Exercise directions -
Among the entries below, one line contains "Afghanistan und Niederlande" and another contains "Scolapiatti da cucina". Transcribe those two lines and every line between them, exactly.

The input -
- - -

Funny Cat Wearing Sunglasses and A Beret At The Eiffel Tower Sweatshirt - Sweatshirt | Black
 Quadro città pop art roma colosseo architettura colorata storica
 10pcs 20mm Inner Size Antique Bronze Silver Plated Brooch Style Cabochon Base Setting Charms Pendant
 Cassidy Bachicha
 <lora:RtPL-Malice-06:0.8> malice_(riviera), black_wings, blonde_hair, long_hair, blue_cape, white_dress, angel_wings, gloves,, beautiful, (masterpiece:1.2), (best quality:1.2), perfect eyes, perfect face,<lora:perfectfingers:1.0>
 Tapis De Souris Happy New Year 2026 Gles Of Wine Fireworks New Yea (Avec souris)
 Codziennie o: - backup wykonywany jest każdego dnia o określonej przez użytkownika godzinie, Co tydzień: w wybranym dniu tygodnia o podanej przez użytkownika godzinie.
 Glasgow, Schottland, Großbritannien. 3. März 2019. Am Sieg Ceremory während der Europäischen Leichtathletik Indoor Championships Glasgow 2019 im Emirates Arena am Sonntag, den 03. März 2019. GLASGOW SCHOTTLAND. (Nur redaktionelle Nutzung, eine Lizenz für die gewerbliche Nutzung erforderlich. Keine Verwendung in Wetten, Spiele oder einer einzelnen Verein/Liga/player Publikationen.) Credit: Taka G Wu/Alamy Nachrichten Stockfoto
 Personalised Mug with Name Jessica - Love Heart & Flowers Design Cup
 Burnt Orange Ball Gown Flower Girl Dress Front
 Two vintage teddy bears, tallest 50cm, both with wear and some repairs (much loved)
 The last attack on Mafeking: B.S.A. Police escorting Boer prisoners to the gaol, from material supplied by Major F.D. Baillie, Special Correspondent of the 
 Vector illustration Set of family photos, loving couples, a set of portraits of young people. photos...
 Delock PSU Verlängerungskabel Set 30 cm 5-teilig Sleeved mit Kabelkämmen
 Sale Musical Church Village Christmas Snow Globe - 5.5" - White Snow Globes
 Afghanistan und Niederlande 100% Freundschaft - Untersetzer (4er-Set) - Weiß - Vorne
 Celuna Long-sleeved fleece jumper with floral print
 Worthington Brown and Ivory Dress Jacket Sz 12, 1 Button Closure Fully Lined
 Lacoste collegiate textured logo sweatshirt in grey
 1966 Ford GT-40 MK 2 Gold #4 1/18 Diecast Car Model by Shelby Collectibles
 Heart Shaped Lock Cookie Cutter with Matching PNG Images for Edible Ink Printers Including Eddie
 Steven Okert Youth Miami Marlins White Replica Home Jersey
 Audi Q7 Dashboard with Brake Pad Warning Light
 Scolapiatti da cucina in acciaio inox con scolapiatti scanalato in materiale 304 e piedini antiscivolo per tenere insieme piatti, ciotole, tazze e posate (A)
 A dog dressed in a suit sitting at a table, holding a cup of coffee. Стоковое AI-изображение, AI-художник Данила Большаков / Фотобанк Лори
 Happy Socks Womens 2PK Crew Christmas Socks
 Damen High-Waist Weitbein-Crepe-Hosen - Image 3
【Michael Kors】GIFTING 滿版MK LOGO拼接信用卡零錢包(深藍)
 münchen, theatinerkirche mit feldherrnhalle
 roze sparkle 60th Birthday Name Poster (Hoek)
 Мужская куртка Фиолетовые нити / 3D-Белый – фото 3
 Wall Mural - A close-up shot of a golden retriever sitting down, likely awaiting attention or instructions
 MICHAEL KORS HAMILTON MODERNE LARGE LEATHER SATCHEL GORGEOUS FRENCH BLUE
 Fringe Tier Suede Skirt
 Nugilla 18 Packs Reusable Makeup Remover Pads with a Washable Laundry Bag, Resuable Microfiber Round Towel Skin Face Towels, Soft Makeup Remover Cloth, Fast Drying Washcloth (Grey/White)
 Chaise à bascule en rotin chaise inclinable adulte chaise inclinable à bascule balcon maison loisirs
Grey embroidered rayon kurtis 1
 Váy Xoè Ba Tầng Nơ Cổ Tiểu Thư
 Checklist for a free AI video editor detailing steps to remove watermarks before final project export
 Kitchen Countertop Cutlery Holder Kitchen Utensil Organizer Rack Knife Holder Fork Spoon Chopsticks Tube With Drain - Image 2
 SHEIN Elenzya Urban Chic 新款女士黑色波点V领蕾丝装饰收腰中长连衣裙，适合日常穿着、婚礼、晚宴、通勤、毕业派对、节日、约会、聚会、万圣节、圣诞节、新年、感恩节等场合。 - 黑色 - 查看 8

- - -

Solution for this problem -
 Afghanistan und Niederlande 100% Freundschaft - Untersetzer (4er-Set) - Weiß - Vorne
 Celuna Long-sleeved fleece jumper with floral print
 Worthington Brown and Ivory Dress Jacket Sz 12, 1 Button Closure Fully Lined
 Lacoste collegiate textured logo sweatshirt in grey
 1966 Ford GT-40 MK 2 Gold #4 1/18 Diecast Car Model by Shelby Collectibles
 Heart Shaped Lock Cookie Cutter with Matching PNG Images for Edible Ink Printers Including Eddie
 Steven Okert Youth Miami Marlins White Replica Home Jersey
 Audi Q7 Dashboard with Brake Pad Warning Light
 Scolapiatti da cucina in acciaio inox con scolapiatti scanalato in materiale 304 e piedini antiscivolo per tenere insieme piatti, ciotole, tazze e posate (A)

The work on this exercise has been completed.